_Task statement_
Retype exactly the span of lines below from the one with "Comfort Tek Büyük Yataklı Oda" through the one with "Used 2025 Honda Civic Sport image 17". Do not include pictures.
-- Given data follows --
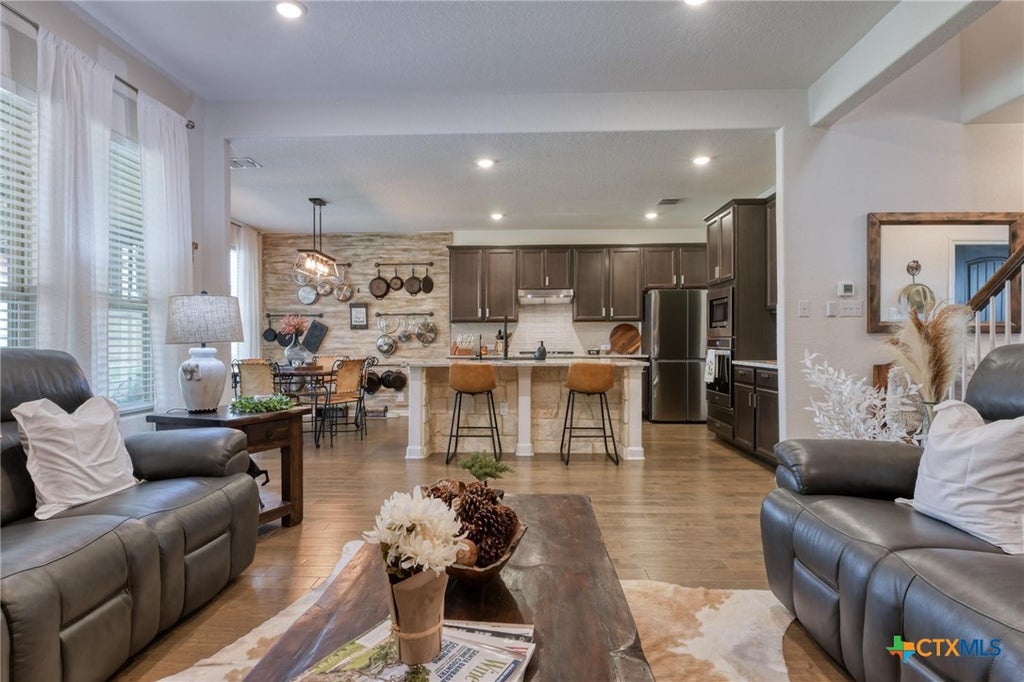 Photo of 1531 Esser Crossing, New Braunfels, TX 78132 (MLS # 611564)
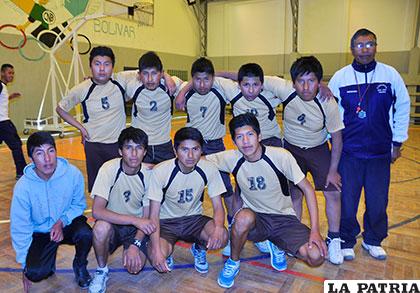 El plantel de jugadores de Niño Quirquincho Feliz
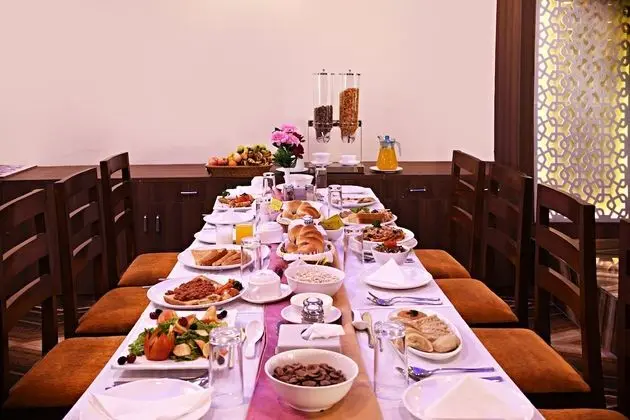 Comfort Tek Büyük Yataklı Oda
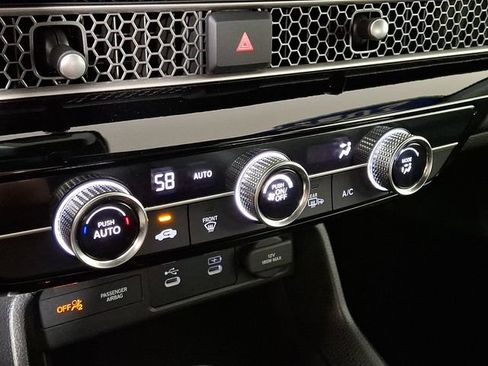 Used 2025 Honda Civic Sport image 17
-- Given data concluded --
-- Given data follows --
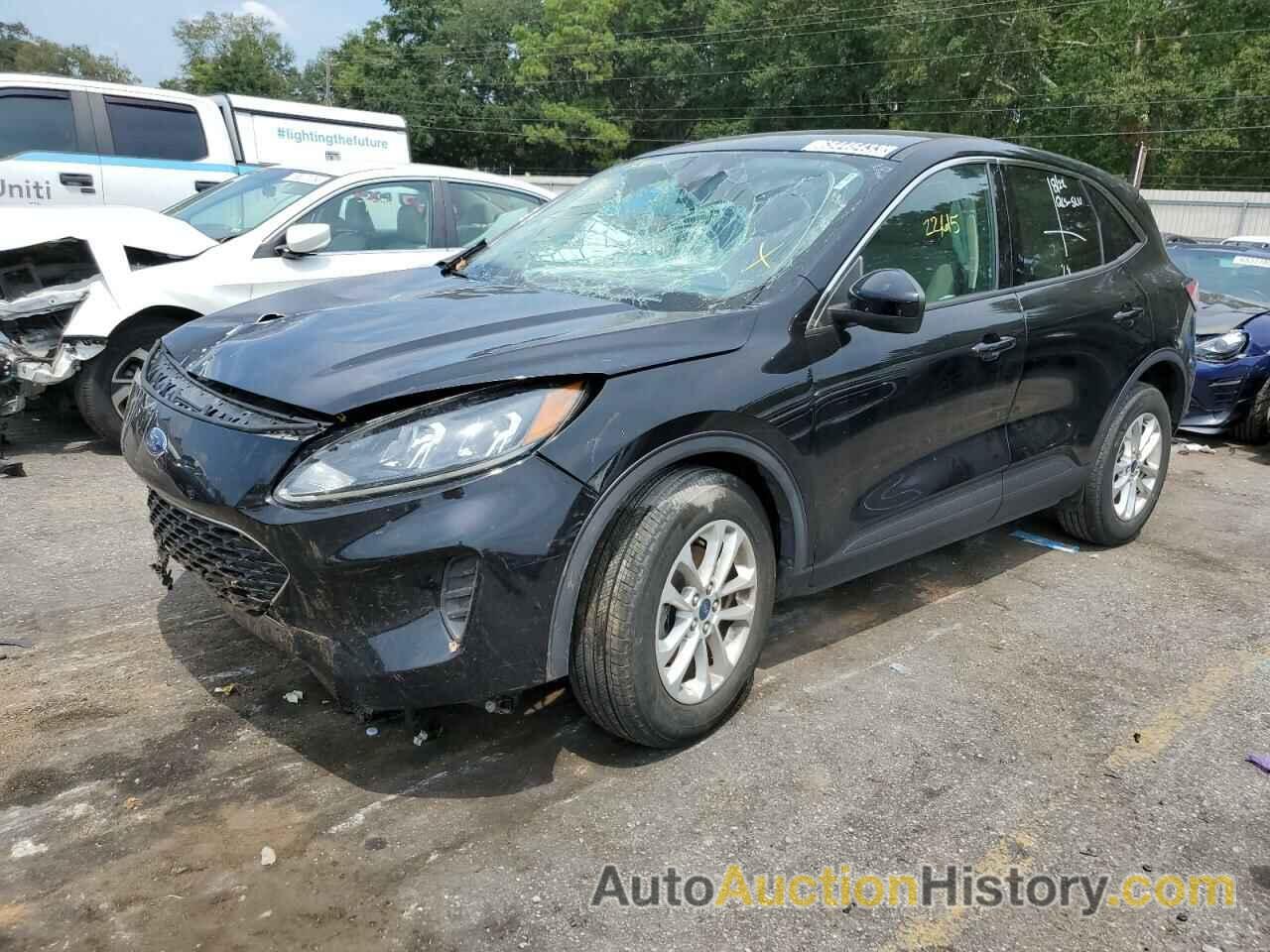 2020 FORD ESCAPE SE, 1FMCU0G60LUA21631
-- Given data concluded --
_Answer_
 Comfort Tek Büyük Yataklı Oda
 Used 2025 Honda Civic Sport image 17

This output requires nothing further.